▶ _Work required_:
Your answer must hold only the lines below from the line containing "Маковый пирог со" through the line containing "Apa Hotel Takaoka Marunouchi", each reproduced exactly.

Items from a data source:
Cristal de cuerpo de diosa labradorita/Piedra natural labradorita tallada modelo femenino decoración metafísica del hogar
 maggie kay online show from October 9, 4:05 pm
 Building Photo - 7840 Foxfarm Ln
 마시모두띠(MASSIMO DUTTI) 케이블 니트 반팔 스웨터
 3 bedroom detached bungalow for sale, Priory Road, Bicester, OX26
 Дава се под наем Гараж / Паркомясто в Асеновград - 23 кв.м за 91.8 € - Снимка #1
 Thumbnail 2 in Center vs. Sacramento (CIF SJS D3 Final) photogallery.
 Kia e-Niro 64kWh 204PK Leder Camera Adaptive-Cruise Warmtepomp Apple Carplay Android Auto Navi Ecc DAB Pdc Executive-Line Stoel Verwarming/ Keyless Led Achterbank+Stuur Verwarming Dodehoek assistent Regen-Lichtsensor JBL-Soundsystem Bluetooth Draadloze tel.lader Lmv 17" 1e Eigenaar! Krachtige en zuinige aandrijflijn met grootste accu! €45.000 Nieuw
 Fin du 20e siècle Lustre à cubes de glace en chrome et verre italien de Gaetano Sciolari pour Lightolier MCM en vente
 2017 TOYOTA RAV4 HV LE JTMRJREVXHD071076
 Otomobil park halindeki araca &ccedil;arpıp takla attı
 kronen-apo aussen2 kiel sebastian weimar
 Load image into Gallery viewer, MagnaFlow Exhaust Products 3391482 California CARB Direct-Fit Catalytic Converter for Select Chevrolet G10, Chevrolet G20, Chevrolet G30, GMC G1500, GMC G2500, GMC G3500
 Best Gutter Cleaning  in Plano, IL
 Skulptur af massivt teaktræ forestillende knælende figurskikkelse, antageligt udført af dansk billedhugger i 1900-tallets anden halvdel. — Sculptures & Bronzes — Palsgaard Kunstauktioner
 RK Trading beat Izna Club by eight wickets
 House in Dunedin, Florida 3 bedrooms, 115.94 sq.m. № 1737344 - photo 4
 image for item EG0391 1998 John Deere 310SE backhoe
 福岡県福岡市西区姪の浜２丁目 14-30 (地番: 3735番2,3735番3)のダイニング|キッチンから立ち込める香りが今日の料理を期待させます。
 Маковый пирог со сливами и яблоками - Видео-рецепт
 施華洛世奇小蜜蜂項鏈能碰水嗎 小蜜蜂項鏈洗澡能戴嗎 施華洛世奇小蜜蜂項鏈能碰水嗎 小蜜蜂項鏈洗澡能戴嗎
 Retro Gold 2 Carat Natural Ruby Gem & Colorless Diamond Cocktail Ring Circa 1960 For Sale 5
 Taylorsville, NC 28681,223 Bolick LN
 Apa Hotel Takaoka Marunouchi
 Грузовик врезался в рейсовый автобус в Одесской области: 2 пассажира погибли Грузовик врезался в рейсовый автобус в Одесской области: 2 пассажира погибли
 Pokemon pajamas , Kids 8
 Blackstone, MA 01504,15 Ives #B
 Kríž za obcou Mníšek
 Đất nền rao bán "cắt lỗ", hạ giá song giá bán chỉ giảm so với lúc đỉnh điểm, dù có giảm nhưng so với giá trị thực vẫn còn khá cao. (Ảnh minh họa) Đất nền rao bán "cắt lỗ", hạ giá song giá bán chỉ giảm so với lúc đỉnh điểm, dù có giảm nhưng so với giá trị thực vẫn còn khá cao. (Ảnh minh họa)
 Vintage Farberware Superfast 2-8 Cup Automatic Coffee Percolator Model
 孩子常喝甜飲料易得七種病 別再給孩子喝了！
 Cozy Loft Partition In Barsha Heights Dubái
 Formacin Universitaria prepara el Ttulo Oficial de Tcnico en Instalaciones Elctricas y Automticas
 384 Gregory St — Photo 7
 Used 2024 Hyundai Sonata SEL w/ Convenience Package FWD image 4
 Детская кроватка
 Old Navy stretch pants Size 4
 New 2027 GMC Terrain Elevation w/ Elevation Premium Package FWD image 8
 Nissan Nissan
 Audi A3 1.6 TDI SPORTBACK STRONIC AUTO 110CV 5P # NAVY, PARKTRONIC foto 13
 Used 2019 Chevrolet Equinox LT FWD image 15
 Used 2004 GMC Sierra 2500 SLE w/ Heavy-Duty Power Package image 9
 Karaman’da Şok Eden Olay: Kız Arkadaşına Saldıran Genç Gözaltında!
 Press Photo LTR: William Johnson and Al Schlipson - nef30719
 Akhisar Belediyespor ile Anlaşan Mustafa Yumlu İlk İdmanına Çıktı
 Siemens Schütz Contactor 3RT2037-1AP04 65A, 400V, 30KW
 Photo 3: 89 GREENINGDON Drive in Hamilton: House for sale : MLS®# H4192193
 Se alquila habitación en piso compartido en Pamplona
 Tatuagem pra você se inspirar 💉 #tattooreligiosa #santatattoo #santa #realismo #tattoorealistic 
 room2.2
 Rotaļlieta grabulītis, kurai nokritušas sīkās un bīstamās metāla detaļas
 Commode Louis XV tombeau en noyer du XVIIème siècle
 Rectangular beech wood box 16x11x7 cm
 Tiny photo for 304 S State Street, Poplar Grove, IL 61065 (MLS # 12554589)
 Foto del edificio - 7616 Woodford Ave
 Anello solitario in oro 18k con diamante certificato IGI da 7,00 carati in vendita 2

▶ _Solved problem_:
 Маковый пирог со сливами и яблоками - Видео-рецепт
 施華洛世奇小蜜蜂項鏈能碰水嗎 小蜜蜂項鏈洗澡能戴嗎 施華洛世奇小蜜蜂項鏈能碰水嗎 小蜜蜂項鏈洗澡能戴嗎
 Retro Gold 2 Carat Natural Ruby Gem & Colorless Diamond Cocktail Ring Circa 1960 For Sale 5
 Taylorsville, NC 28681,223 Bolick LN
 Apa Hotel Takaoka Marunouchi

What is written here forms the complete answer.